Nearly quarter of a million Americans will be diagnosed with lung cancer in 2018, according to new estimates published by the American Cancer Society, and lung cancer will be responsible for more deaths than the next three most common cancers (breast, prostate, colon) combined.
Cancer arises due to genetic mutations – changes in the patient’s DNA. By figuring out precisely which genetic variants instructed their patient’s lung cells to change from normal to cancerous, doctors can select personalized therapies targeted to these mutations and minimize non-specific side-effects.

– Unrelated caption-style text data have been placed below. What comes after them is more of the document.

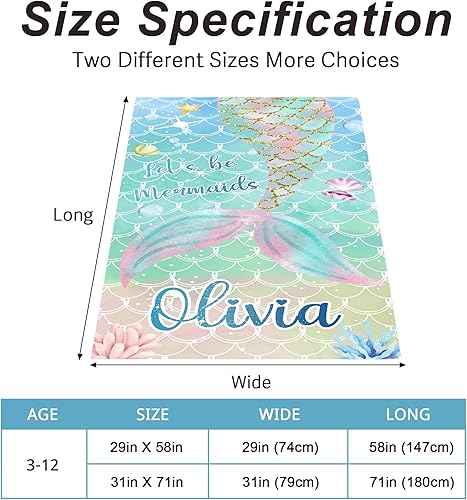 Miniatura 5 de Toallas de playa personalizadas de gran tamaño para niños y bebés, toallas de playa personalizadas de sirena con nombre, toalla de playa de secado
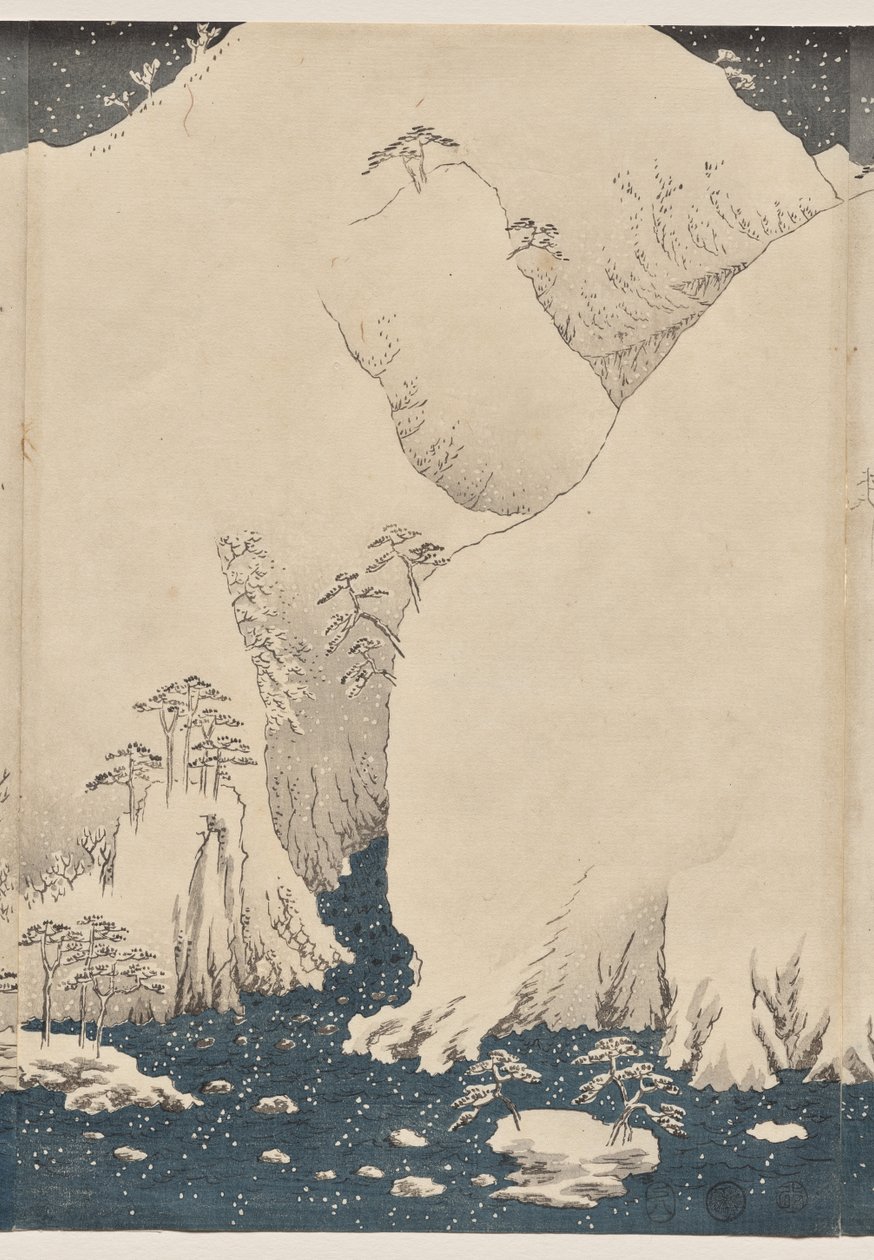 Fjell og elv på Kiso Road av Utagawa Hiroshige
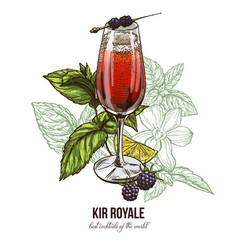 Kir Royale Cocktail With Blackberries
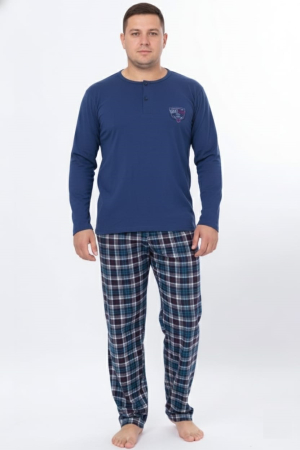 Pijama lunga bumbac fin si calitativ marime mare, buzunare la pantaloni 205 albastru [2]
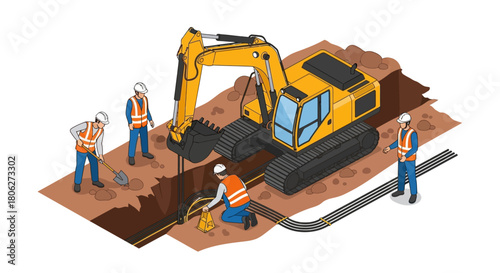 Construction crew with an excavator laying underground utility pipes in a trench.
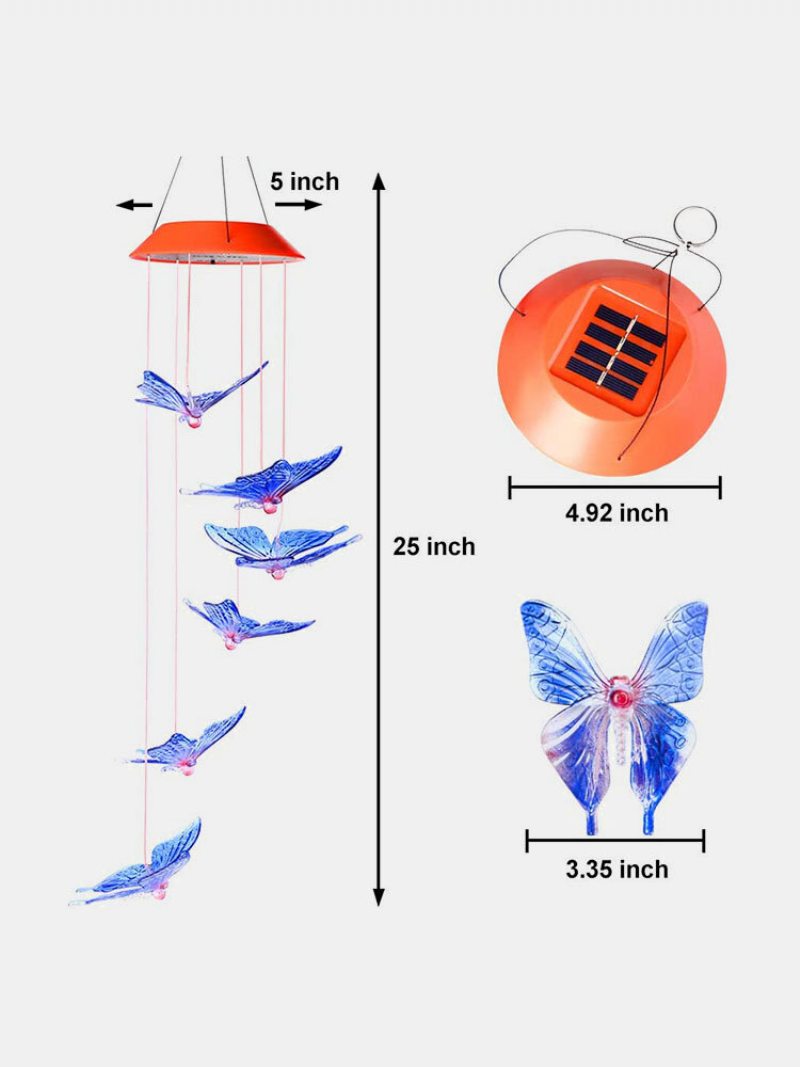 1pc Led Solárne Napájanie Motýľ Veterná Zvonkohra Meniaca Farbu Nočnej Lampy Dekorácia Domácej Záhrady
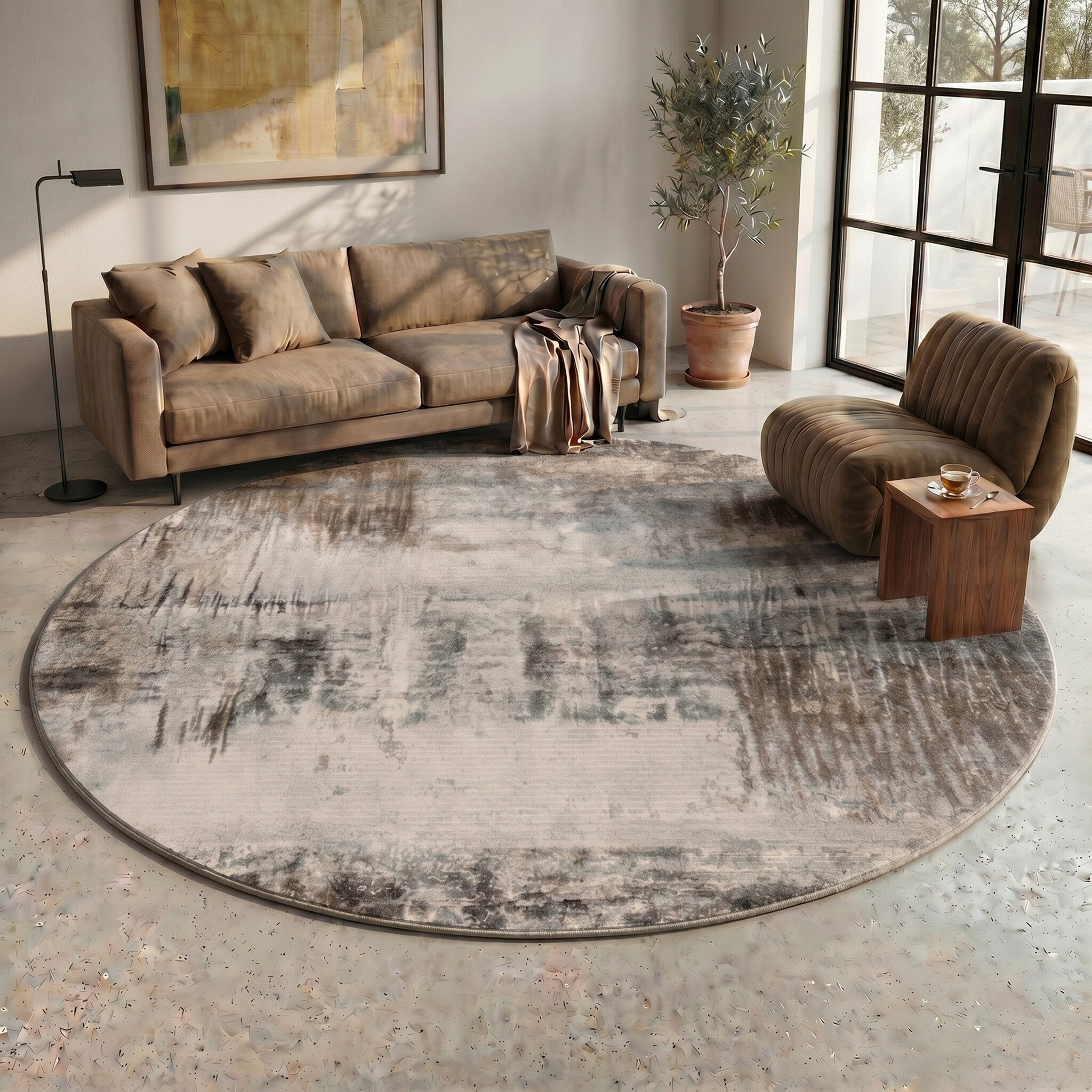 Tapis rond abstrait - Xavier Scratch Taupe/Rouge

Sema4 and Mount Sinai scientists recently profiled the range of mutations found in non-small cell lung cancer (NSCLC), the most common form of lung cancer. They examined DNA from 932 NSCLC tumors and found nearly 3,000 mutations in cancer-associated genes, demonstrating the clinical utility of targeted next-generation sequencing with a focused oncology hotspot panel in NSCLC. The study, published in Genome Medicine, provides a comprehensive overview of not only the genetics but also potential treatment options for NSCLC, as actionable mutations were present in 65% of the patients.
In addition to detecting known mutations, the Sema4 team also identified novel lung cancer mutations by combing through the large volume of sequencing data generated during panel analysis. An activating somatic mutation was detected in the JAK2 gene in one in every 100 patients. This genetic variant would be expected to cause over-activity of the JAK-STAT cell signaling pathway, so the Sema4 researchers trawled publicly available pharmacogenomic data to investigate potential therapies, and found that the mutation could confer sensitivity to both JAK inhibitors and anti-PD1 immunotherapy. They also detected activating germline mutations in the JAK3 gene, in 7% of patients, that would be predicted to render tumors susceptible to anti-PD1 treatment.
“These novel mutations define a unique disease mechanism that has not been previously described in lung cancer, therefore facilitating the development of personalized treatments for patients with these variants,” says lead author Dan Li, PhD. “Going forward, we will continue to perform integrative analyses of cancer genetic data and patient clinical data to discover novel predictive biomarkers for treatment response. We will also develop and implement improved cancer genetic testing platforms for diagnosis.” Sema4’s current testing platform, the Oncology Hotspot Panel, analyzes 207 mutational hotspots across the genome that are known to be associated with cancer.
The clinical implications of the novel mutations were identified through an integrative analysis of genetic, genomic, and pharmacogenomic data. Mining large, multidisciplinary data sets is a central element of Sema4’s research ethos and one that successfully uncovers information that can directly impact clinical decision-making, as shown by this study and another recent study on glioblastoma. Our team is committed to using this approach to improve diagnosis, treatment, and outcomes for cancer patients, including the one in 16 Americans who will be diagnosed with lung cancer in their lifetime.